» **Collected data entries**
==============================

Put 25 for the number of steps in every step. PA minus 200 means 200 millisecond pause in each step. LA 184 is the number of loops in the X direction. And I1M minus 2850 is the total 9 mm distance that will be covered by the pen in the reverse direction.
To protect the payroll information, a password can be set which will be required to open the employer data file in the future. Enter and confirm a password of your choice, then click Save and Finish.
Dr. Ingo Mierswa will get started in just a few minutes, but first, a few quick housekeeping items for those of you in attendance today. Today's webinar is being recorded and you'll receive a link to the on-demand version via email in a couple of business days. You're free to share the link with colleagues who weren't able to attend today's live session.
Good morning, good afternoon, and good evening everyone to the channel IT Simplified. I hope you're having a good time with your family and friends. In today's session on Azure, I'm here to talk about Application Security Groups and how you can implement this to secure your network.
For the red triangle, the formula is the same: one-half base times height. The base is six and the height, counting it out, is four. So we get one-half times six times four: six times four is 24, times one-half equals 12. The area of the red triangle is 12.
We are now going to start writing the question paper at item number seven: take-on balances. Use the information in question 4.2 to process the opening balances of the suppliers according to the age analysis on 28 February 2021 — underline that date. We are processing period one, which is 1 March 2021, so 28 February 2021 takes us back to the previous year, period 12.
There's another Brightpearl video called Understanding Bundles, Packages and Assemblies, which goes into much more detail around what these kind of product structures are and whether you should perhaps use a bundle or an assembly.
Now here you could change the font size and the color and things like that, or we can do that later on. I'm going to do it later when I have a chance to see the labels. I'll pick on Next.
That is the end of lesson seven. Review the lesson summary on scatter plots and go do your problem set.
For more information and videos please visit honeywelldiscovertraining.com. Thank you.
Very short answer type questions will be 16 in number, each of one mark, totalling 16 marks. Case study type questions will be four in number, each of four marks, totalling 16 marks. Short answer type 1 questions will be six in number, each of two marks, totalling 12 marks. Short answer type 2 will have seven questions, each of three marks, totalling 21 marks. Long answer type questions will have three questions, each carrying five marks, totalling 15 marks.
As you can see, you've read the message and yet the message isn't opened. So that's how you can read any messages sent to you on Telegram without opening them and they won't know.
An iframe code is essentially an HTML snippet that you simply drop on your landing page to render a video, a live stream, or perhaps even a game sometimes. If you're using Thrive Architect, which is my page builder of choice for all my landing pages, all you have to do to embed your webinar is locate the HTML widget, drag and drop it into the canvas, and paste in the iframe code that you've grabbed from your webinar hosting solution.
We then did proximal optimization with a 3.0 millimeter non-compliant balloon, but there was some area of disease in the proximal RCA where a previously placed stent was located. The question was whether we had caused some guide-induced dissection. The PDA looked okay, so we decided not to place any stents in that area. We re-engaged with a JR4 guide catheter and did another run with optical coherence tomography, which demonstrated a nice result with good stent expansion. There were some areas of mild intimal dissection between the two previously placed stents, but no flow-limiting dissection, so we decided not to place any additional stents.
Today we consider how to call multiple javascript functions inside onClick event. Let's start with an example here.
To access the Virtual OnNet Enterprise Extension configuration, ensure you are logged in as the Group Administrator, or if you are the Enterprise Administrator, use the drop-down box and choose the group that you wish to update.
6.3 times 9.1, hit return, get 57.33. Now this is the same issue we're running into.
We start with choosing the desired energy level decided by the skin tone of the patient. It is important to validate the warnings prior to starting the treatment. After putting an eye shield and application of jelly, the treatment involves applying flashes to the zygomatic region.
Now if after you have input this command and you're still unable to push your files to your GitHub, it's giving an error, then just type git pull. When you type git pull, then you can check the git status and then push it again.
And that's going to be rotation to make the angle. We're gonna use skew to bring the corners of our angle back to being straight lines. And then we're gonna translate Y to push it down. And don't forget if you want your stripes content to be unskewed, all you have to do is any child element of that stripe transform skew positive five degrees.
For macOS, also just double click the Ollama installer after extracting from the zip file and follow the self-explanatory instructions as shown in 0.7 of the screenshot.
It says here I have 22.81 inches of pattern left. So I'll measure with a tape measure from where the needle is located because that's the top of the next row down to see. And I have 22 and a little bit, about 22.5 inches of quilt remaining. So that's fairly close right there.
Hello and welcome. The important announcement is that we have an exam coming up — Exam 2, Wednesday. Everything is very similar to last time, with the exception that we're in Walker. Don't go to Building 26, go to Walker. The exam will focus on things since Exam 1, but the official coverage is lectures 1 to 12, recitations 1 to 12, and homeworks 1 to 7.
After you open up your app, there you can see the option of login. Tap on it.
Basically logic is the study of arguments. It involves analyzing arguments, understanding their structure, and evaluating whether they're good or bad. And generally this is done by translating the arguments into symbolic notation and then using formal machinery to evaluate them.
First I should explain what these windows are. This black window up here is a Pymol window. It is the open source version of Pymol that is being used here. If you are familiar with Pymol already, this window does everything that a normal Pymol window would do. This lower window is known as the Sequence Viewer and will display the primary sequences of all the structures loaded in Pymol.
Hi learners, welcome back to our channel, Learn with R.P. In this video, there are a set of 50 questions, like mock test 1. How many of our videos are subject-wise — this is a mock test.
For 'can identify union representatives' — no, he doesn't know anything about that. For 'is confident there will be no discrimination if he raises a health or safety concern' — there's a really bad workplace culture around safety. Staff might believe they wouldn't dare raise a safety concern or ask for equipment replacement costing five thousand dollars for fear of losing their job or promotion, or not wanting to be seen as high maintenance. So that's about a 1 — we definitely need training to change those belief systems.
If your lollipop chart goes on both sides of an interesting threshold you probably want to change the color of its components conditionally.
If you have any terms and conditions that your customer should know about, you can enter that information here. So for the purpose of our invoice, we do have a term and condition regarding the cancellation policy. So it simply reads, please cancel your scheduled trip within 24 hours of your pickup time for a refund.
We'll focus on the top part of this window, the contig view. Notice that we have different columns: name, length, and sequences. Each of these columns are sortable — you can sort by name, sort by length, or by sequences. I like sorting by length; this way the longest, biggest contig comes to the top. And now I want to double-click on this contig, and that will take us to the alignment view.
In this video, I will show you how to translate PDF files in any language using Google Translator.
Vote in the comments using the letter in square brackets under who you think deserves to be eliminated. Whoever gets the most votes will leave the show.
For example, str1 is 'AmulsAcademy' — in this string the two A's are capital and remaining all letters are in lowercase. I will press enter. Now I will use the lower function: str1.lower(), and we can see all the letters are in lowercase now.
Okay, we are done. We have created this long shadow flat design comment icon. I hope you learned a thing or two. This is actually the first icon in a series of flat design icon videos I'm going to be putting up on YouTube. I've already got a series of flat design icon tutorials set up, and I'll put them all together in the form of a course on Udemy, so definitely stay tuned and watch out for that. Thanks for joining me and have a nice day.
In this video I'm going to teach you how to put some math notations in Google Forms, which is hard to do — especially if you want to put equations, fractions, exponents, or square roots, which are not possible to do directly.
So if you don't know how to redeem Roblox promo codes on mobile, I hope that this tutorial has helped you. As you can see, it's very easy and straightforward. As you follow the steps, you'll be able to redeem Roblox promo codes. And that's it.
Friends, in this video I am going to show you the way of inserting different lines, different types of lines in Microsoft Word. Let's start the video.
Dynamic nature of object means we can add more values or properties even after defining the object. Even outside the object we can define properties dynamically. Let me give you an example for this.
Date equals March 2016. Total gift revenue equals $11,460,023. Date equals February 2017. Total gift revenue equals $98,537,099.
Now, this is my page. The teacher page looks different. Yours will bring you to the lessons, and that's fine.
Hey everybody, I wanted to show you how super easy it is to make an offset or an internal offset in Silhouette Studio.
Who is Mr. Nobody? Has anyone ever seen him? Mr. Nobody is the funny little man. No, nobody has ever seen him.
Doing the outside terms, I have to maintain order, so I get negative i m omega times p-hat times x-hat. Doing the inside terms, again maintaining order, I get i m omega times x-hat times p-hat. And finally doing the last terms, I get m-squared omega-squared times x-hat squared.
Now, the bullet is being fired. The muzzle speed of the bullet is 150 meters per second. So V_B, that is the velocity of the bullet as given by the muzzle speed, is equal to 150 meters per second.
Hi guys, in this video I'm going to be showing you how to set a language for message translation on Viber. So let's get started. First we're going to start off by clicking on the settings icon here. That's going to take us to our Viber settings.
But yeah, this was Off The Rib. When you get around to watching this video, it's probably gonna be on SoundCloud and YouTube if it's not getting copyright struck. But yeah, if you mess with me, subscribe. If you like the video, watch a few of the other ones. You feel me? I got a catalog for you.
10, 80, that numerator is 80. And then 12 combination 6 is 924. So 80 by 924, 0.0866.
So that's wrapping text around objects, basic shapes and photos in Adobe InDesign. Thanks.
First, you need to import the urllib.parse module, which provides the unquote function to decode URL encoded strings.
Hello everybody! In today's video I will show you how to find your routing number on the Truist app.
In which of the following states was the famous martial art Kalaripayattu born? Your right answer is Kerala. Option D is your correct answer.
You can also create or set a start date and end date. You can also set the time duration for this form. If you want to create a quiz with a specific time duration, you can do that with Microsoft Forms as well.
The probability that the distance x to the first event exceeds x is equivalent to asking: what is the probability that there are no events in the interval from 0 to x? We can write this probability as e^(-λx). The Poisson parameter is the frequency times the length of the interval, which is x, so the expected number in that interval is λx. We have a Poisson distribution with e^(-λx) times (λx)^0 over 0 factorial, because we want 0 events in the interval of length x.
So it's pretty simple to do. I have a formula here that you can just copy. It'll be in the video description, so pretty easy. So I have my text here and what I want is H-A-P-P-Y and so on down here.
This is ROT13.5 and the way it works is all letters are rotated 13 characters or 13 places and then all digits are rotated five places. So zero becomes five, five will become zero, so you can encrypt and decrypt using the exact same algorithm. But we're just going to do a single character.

==============================

» **Task brief**
Please give back, exactly as it stands above, the stretch from the line with "Hey everybody, I" through the line with "You can also create", and no line outside it.

» **Exercise solution**
Hey everybody, I wanted to show you how super easy it is to make an offset or an internal offset in Silhouette Studio.
Who is Mr. Nobody? Has anyone ever seen him? Mr. Nobody is the funny little man. No, nobody has ever seen him.
Doing the outside terms, I have to maintain order, so I get negative i m omega times p-hat times x-hat. Doing the inside terms, again maintaining order, I get i m omega times x-hat times p-hat. And finally doing the last terms, I get m-squared omega-squared times x-hat squared.
Now, the bullet is being fired. The muzzle speed of the bullet is 150 meters per second. So V_B, that is the velocity of the bullet as given by the muzzle speed, is equal to 150 meters per second.
Hi guys, in this video I'm going to be showing you how to set a language for message translation on Viber. So let's get started. First we're going to start off by clicking on the settings icon here. That's going to take us to our Viber settings.
But yeah, this was Off The Rib. When you get around to watching this video, it's probably gonna be on SoundCloud and YouTube if it's not getting copyright struck. But yeah, if you mess with me, subscribe. If you like the video, watch a few of the other ones. You feel me? I got a catalog for you.
10, 80, that numerator is 80. And then 12 combination 6 is 924. So 80 by 924, 0.0866.
So that's wrapping text around objects, basic shapes and photos in Adobe InDesign. Thanks.
First, you need to import the urllib.parse module, which provides the unquote function to decode URL encoded strings.
Hello everybody! In today's video I will show you how to find your routing number on the Truist app.
In which of the following states was the famous martial art Kalaripayattu born? Your right answer is Kerala. Option D is your correct answer.
You can also create or set a start date and end date. You can also set the time duration for this form. If you want to create a quiz with a specific time duration, you can do that with Microsoft Forms as well.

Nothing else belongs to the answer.